The EIT is currently administered by the Commission's education department, whilst the CIPs are administered by DG Enterprise and DG Energy. Some or all of these departments' controls could disappear depending on how the funds are positioned within Horizon 2020, the full details of which will be revealed in October.
The draft MFF does not specify a separate line of funding for the programmes, leading to uncertainty over how much they will receive and how they will be administered internally within the Commission.
The CIP runs from 2007 to 2013 with an overall budget of €3.6 billion, likely to increase dramatically within the next MFF. The EIT, which was only established three years ago, will receive €309 million next year, but its administrators have requested between €3 and €4 billion from the MFF.
Internal power struggle looming ahead?
Xavier Prats Monné, a deputy director-general in the Commission's education department, last week revealed that an internal debate within the EU executive had still not resolved how the programmes would operate under Horizon 2020.
Speaking at a conference on the future of the EIT in the European Parliament, he said: "There is a choice between whether to have a single policy and legal framework for all programmes under Horizon 2020, or to make a clear distinction between Horizon 2020 as a policy framework and to preserve the [separate] legal framework of the EIT."

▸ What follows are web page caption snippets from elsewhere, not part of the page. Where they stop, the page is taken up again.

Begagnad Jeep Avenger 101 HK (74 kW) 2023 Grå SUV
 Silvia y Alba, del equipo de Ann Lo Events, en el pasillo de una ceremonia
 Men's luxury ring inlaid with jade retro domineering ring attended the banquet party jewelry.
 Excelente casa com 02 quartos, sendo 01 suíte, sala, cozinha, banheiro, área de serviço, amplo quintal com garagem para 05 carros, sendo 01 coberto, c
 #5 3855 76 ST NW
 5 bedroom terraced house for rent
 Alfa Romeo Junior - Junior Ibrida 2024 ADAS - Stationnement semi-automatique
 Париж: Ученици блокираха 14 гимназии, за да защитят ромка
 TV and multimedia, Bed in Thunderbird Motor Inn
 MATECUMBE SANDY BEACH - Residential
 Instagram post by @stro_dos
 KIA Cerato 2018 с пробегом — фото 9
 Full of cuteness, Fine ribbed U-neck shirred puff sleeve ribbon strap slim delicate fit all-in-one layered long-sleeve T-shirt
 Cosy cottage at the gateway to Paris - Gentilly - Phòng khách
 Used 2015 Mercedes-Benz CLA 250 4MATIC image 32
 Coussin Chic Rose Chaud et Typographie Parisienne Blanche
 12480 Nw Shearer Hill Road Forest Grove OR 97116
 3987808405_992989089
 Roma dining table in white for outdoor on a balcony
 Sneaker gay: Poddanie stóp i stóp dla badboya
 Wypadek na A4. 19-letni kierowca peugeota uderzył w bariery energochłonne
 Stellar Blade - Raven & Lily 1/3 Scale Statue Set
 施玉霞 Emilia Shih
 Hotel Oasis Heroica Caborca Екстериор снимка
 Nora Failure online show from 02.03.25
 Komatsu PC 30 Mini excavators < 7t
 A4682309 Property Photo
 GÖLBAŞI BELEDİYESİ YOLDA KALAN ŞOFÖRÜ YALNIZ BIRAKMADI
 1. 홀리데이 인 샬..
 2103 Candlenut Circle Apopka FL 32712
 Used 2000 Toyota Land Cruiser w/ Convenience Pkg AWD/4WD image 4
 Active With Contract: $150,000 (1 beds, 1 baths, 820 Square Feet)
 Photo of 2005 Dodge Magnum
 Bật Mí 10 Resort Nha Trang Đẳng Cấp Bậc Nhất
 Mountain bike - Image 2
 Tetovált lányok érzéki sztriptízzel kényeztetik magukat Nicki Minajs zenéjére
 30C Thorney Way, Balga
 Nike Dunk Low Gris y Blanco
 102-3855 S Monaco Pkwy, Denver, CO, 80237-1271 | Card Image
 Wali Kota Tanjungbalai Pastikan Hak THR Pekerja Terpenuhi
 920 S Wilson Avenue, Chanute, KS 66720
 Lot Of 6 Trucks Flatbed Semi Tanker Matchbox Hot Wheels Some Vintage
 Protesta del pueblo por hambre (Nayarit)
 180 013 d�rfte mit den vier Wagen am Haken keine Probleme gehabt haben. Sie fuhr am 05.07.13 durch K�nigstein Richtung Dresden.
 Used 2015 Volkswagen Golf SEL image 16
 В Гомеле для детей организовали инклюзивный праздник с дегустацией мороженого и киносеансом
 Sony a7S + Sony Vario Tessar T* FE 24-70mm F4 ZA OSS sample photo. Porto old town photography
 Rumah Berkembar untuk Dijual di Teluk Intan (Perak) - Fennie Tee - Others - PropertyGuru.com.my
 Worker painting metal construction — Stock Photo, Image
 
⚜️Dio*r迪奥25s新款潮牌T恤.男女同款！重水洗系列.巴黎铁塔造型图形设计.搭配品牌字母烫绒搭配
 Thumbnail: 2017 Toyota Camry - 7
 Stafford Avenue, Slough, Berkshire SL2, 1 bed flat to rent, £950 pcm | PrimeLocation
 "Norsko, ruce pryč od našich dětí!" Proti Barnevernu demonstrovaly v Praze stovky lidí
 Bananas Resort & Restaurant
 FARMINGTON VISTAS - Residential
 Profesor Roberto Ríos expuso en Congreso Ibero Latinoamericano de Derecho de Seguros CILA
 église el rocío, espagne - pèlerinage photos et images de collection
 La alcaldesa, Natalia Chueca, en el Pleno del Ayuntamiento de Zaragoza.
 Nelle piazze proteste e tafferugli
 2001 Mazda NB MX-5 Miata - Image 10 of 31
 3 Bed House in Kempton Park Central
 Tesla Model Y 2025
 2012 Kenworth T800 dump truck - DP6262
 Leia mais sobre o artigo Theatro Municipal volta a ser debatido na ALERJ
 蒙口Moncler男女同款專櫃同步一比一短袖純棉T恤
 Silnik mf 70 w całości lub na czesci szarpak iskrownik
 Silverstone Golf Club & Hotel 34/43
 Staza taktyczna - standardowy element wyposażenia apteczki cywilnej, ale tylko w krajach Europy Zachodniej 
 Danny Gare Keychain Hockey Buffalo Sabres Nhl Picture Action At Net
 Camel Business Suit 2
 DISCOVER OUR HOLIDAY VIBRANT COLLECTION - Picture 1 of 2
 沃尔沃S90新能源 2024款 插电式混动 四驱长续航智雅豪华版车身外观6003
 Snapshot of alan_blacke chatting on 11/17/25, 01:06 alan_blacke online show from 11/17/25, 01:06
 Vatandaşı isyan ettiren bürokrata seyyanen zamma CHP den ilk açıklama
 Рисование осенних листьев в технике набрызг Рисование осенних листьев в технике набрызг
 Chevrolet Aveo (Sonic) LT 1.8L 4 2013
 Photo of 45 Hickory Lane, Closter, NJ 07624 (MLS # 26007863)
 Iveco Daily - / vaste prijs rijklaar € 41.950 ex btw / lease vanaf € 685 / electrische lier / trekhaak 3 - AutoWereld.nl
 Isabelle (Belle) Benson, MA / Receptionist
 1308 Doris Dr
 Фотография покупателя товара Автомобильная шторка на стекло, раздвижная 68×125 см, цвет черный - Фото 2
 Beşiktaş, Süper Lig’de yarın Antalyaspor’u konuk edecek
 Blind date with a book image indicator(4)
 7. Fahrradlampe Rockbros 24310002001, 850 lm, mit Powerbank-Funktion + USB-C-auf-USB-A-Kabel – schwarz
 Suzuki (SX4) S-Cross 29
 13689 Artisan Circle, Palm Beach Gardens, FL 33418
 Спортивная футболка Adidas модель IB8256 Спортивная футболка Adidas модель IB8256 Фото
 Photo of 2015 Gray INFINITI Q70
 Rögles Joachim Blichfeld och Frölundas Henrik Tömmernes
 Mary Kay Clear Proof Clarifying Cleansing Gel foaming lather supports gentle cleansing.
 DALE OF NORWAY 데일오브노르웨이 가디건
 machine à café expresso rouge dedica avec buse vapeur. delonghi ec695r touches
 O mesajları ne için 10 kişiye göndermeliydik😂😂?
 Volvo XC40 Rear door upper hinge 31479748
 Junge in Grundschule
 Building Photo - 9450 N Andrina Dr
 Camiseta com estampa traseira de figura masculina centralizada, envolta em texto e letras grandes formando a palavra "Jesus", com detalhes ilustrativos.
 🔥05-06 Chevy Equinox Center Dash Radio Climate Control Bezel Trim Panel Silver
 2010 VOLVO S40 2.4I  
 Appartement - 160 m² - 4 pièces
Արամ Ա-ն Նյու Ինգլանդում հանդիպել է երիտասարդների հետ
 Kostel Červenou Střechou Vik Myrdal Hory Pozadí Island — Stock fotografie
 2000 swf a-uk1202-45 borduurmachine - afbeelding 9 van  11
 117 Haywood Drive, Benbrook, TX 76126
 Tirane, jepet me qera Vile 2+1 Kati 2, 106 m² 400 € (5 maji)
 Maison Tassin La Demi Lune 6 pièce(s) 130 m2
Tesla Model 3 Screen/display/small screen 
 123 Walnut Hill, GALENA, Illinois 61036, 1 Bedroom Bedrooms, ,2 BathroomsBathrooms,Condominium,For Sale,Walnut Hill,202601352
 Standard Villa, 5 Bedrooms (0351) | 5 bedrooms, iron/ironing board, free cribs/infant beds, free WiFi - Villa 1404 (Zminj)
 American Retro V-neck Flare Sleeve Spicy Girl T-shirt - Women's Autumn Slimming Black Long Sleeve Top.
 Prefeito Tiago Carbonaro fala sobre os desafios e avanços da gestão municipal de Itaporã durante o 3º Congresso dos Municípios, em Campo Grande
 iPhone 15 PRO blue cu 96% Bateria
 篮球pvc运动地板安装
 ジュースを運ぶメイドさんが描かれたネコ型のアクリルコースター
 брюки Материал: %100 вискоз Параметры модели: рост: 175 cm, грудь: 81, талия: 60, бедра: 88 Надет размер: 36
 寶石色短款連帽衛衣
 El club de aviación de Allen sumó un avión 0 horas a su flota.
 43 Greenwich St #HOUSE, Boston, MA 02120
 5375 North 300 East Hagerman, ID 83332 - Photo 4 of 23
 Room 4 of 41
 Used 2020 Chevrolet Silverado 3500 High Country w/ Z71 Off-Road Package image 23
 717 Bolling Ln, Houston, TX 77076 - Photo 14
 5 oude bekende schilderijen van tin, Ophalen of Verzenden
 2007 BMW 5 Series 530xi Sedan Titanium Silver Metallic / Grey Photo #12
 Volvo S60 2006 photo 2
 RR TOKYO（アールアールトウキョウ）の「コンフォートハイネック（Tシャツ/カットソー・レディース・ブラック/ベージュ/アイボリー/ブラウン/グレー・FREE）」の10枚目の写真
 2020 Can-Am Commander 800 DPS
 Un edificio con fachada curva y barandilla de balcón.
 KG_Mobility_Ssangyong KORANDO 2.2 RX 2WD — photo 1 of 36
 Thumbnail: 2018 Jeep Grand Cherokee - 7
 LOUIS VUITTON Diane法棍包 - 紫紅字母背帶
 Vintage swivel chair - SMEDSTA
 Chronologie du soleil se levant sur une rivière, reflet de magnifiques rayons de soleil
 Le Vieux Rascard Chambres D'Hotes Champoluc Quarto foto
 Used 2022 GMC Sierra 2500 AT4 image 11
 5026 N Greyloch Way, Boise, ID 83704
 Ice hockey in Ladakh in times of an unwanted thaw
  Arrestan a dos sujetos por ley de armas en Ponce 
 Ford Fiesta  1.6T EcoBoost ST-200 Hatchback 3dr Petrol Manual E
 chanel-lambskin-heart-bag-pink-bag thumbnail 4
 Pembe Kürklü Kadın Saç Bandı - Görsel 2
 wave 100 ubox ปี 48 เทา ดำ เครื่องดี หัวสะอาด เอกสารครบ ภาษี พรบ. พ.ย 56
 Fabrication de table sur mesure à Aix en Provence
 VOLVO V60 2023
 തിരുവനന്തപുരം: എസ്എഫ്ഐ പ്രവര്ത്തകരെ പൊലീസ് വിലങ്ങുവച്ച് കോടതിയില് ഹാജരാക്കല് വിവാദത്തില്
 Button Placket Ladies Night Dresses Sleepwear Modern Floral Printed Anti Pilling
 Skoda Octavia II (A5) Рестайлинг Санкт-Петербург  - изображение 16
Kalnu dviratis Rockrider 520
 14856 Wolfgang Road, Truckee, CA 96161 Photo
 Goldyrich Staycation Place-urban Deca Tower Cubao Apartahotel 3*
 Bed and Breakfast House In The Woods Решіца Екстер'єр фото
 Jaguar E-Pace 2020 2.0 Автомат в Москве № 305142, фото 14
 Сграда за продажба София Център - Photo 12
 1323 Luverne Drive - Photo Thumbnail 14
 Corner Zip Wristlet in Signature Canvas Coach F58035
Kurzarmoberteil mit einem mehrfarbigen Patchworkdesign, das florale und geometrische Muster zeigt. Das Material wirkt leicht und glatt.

He added: "I do not think that it [Horizon 2020] should be an unique framework, but this is a debate going on and the devil is in the detail."
Portuguese Christian Democrat MEP Maria de Graça Carvalho, who sits on the industry, research and energy committee, warned that there are parliamentary fears about how the Commission will come to its decision.
Carvalho told EurActiv: "It is important that the question of whether they have their own instruments is separated from questions of internal administration, otherwise this will become a political issue and there will be a power struggle internally."
She said that the research and innovation task force of the European People's Party is currently finalising its own opinion on the administration of the EIT and CIP.
She said concerns about the Commission's decision-making process were widespread in the Parliament and the opinion could contain an explicit request for the EU executive to keep its decisions on the funds, and how they are administered, separate.
Proposals boost complex, cost-intensive technologies?
Another fear is that the decisions reached by the Commission will not take into account the fact that a new EU executive will take over simultaneously with the new MFF – at the beginning of 2014 – and may then revisit the decisions on internal administration.
Meanwhile, the boost in the research budget was given a mixed response by industry.
In a statement BusinessEurope "warmly welcomed" the proposals to increase funds for research and innovation, but it said the overall budget proposal "failed to take forward the major overhaul of the EU budget that is required to fully support the EU 2020 objectives of smart, sustainable and inclusive growth".
A consortium of 98 civil society and research organisations from 22 European countries sent an open letter to the Commission claiming that its research proposals promoted complex, cost-intensive technologies at the expense of locally-adapted, socially-relevant projects.